Scosse e riscosse

«Buon anno di scosse e di riscosse», ha scritto Gramellini su La Stampa del 31 dicembre appena passato, augurando a tutti «…un anno di fervore. La forza irresistibile che infonde passione e concentrazione in ciò che si fa, senza perdere più tempo a lamentarsi, invidiare, rinfacciare».
Quest’augurio semplice, però, suona oggi come strano, e ho immaginato Gramellini accusato di farla troppo facile, di parlare dal sicuro del suo stipendio, di non essere in grado di capire la difficoltà grande che tante persone stanno vivendo. Ho immaginato anche che qualcuno, su Internet, lo insultasse, dandogli del venduto (La Stampa è di proprietà della Fiat…) o del complice di chissà quale complotto teso ad assopire possibili conflitti… .
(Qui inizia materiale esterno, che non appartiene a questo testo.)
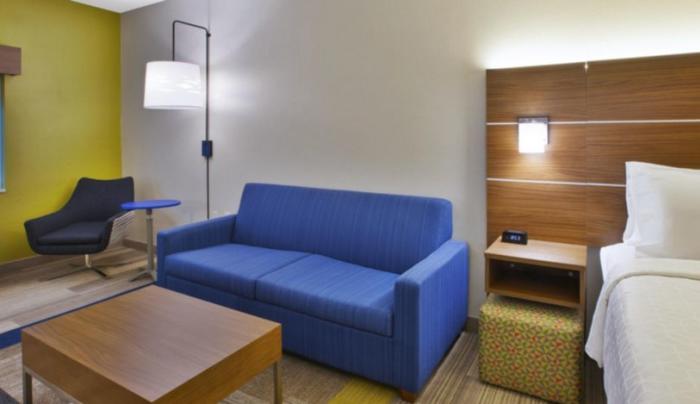 Holiday Inn Express & Suites Rochester-Victor Holiday Inn Express & Suites Rochester-Victor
Qualche giorno dopo, ho visto pubblicati i dati sui reati registrati a Milano nell’anno appena concluso. Tutti i reati, compresi quelli di maggiore allarme sociale (rapine, omicidi, stupri, furti) sono in calo rispetto all’anno precedente, il 2012, anno in cui, ugualmente, erano calati rispetto all’anno precedente. I dati di Milano sono analoghi a quelli nazionali sin qui noti, eppure tutti abbiamo la sensazione di vivere in una nazione progressivamente meno sicura. Non è così, ma allora perché pensiamo di sì?
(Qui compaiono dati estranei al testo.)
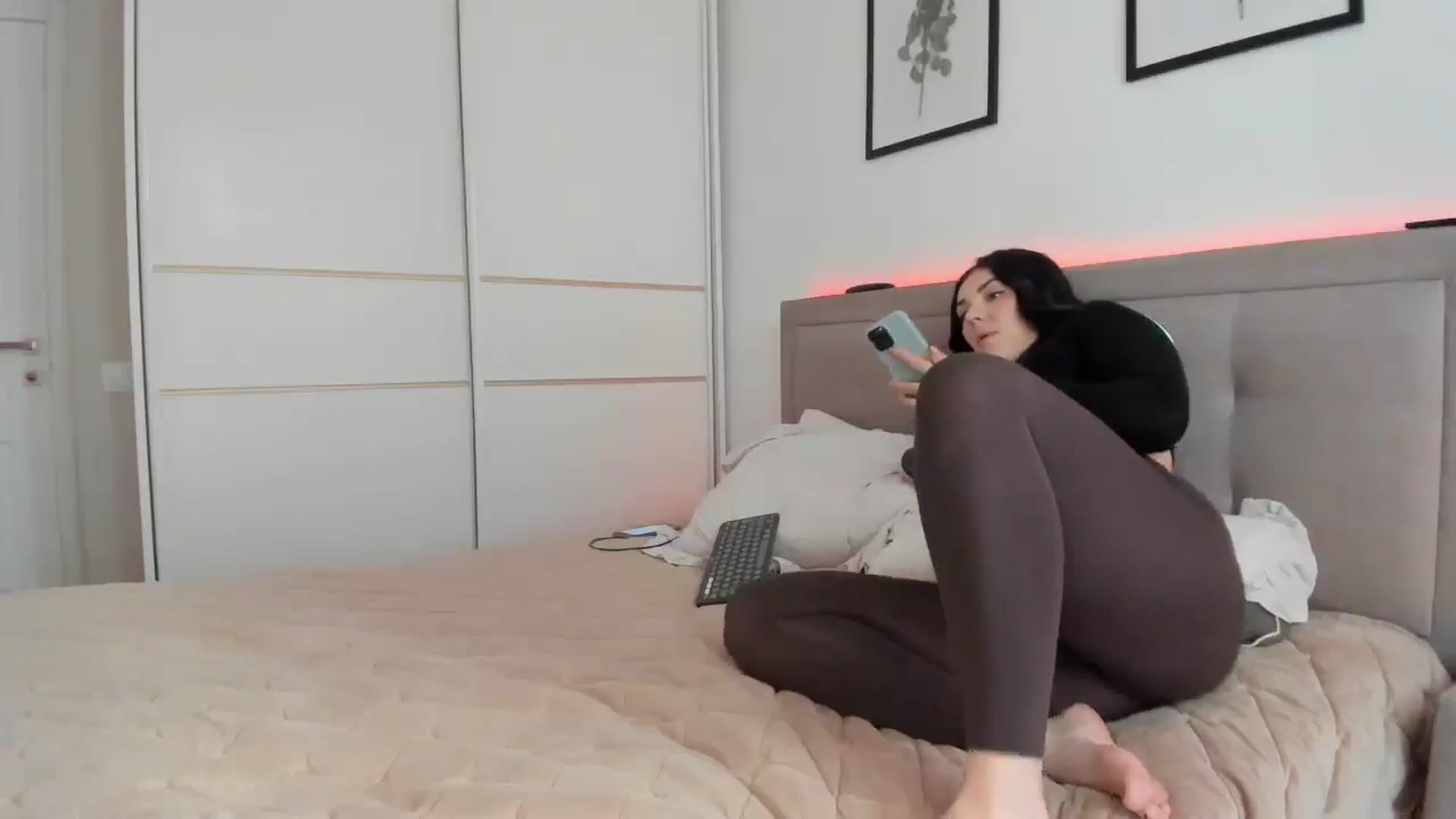 Gallery image thumbnail from MissNelly_'s myfreecams stream on, 05/31/2025, 16:15 image 10 of 20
Metto insieme questi due racconti – le prevedibili critiche all’augurio di un anno di fervore di Gramellini, e la diffusa sensazione di maggiore insicurezza mentre invece i reati diminuiscono – per dire questo: siamo talmente abituati, ormai, a sentirci in una situazione in cui va tutto male, e ogni cosa appare senza sbocchi, da ritenere scandaloso un augurio semplice e falsa una notizia vera, semplicemente perché contrasta con quello che normalmente si dice. Quel senso comune infondato, poi, produce il sentimento assurdo di essere alla fine della storia, personale e sociale.
So bene quanti problemi (perché sono sotto i miei occhi, anche in casa mia) attanagliano i quarantenni, i trentenni e i ventenni di oggi che non riescono a trovare un lavoro, per non parlare dei cinquantenni che perdono forse per sempre il lavoro che hanno sempre fatto. Ma proprio perché le difficoltà sono grandi, abbiamo la necessità di viverle come sfide dell’esistenza, da affrontare con coraggio, con fervore, con pazienza. Cercando nuove strade, interrogandoci su ciò che davvero vogliamo e, subito dopo, su cosa possiamo fare per provare a realizzarlo, andando incontro alla nostra vita. Guardandoci intorno e osservando (copiando) le strategie esistenziali di chi ha un decimo o un centesimo di quel che abbiamo noi, che abitiamo questa parte ricca del mondo. Considerando nostri maestri di vita coloro che attraversano il Mediterraneo sui barconi, o si inventano mestieri dalle loro passioni, o che mettono a frutto una qualsiasi abilità che hanno saputo costruire con impegno.